§ **DATA EXCERPT**:
● ● ● ● ● ● ●

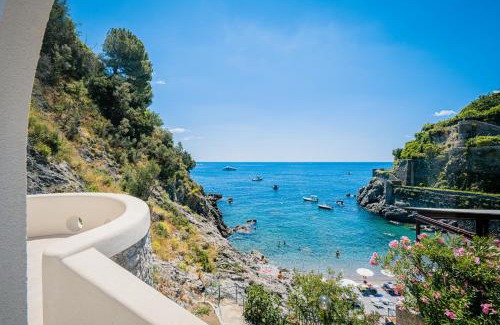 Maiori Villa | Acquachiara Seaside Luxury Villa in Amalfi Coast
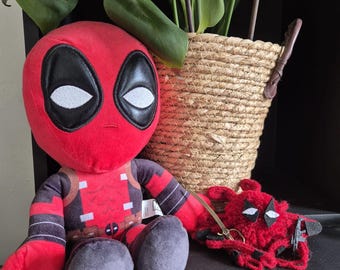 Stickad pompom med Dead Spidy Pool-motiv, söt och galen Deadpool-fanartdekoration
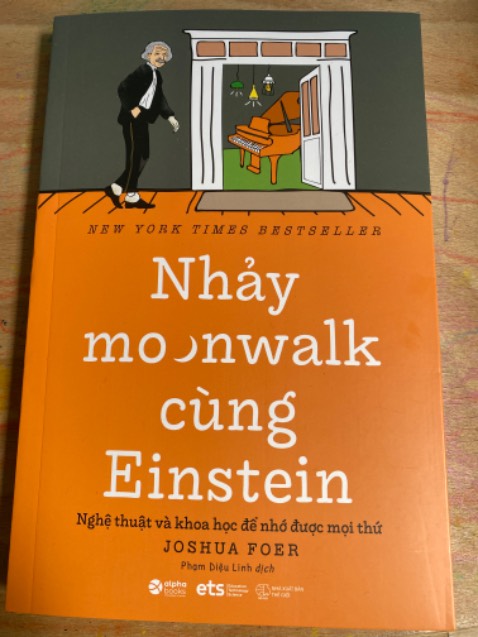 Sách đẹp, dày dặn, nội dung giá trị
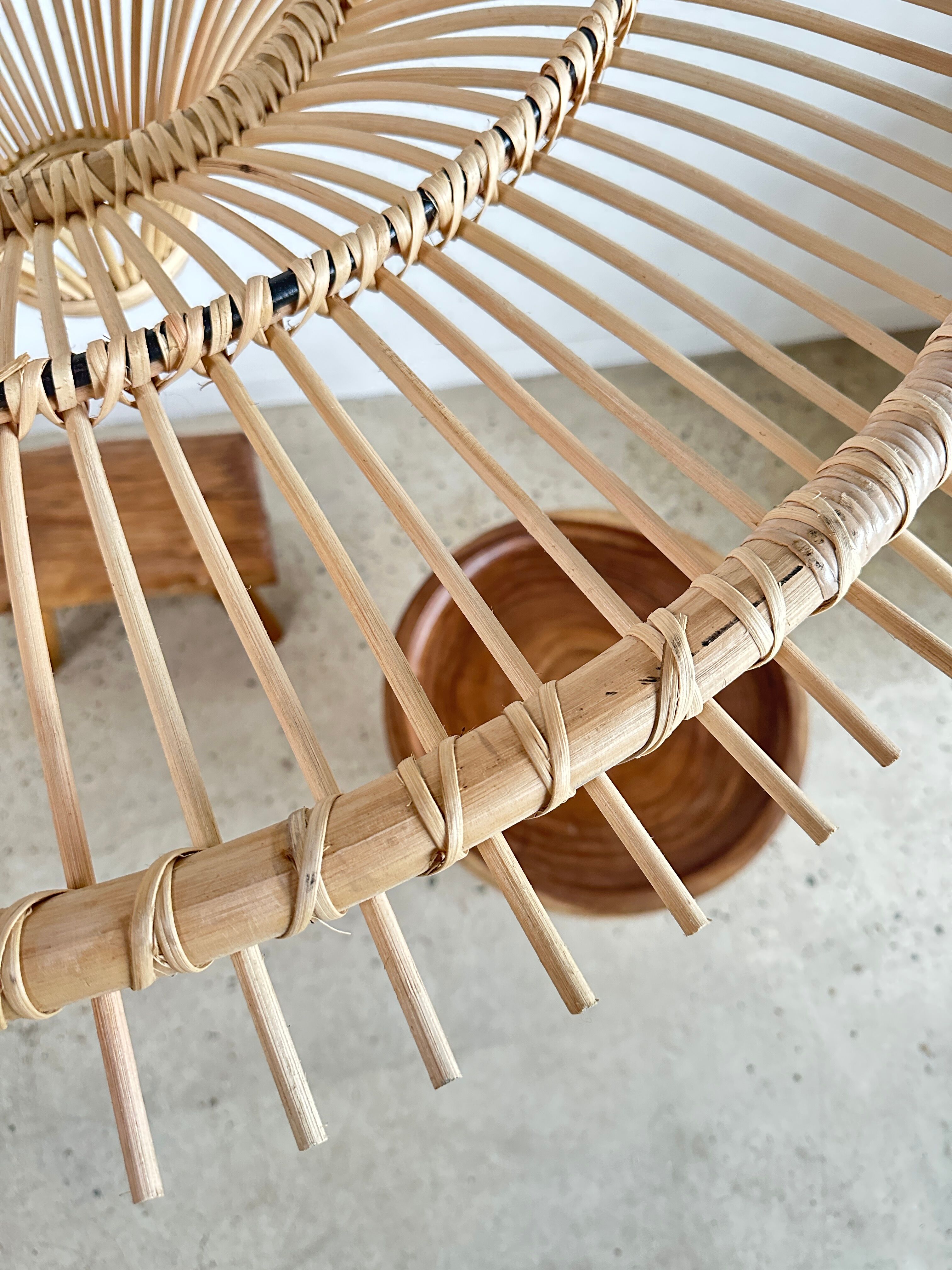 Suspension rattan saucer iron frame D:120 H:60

● ● ● ● ● ● ●

§ **PROBLEM DESCRIPTION**:
Please print the entire listing again exactly, minus its images.

§ **COMPLETED EXERCISE**:
 Maiori Villa | Acquachiara Seaside Luxury Villa in Amalfi Coast
 Stickad pompom med Dead Spidy Pool-motiv, söt och galen Deadpool-fanartdekoration
 Sách đẹp, dày dặn, nội dung giá trị
 Suspension rattan saucer iron frame D:120 H:60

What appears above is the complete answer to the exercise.